授産品の売上は、授産施設での生産工賃、すなわち授産施設利用者の収入の原資となります。つまり、授産品を買うことは、授産施設で作業を行っている障碍者への支援に直結します。心身に障碍を抱える方の就業は官民で推進されているとはいえ、まだまだ障壁が存在している以上、授産品を通した支援は重要な要素であり続けるはずです。授産施設自体が、そういった障碍を抱える方々の自立を促すことを目的としているのですから(生活保護法38条)、施設として授産品の売上を伸ばす努力をするのが当然の責任ではないでしょうか。
(種類)
第三十八条 保護施設の種類は、左の通りとする。
一 救護施設
二 更生施設
三 医療保護施設
四 授産施設
五 宿所提供施設
(2項から4項:略)
5 授産施設は、身体上若しくは精神上の理由又は世帯の事情により就業能力の限られている要保護者に対して、就労又は技能の修得のために必要な機会及び便宜を与えて、その自立を助長することを目的とする施設とする。
私自身、授産品に触れる機会があれば、積極的に買いたいと思っています。しかし、少なくとも冒頭で述べた授産施設の食品は避けざるを得ません。捨ててしまうものにお金を払うのは、誰も幸せではないからです。あのクッキーとパンを改めて食べて、無理にでも完食できる自信はありません。
私が、この授産品がまずかったという話を知人にしたところ、「授産品なんてどこで買ってもそんなものじゃない?」という返答でした。包み隠さず言えば、そのような印象は私も少なからず抱いています。しかし、それがなぜなのか、私には到底思いつきません。どの授産施設でも、レシピの検討はしないというのでしょうか。正式販売前に、試作品の味見はしないのでしょうか。売れ行きを良くしようという努力はしないのでしょうか。
知人は続けて言います。
「おいしくない方が、授産施設で作っている感じをアピールできると思っているとか……、そんなわけはないか」
もちろん、私もこの考え方は採れないと思っています。授産施設自身が、「障碍者が作っているからまずいんです」などと暗にでもアピールしようとしているのなら、本末転倒という言葉では言い表せません。授産施設を運営する資格はないでしょう。

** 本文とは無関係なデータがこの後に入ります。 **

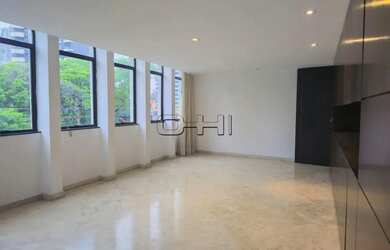 Imagem: Venda Apartamento 4 Dormitórios - 405 m² Moema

絶品スイーツを作れ、というのではないのです。シンプルなものを、平均的なおいしさで作ることができるのなら、きっと授産品は日常生活に根付くものだと思います。「授産品を買う」ということが、障碍者支援のためなどという大義名分を要さずに、気軽に買えるようになることを願っています。
この投稿は、より多くの人に読んでいただき、考えていただきたいという思いから、全編を敬体で書きました。いつものように字数の制限も設けず、思いのままに丁寧に述べたつもりです。私の真意が「授産品がまずかった」ということにあるのではなく、授産品を通したより明るい社会への希望を訴えたい点にあるということが、読者のみなさんに通じていますように。そう願いながら、最後のEnterキーを叩きます。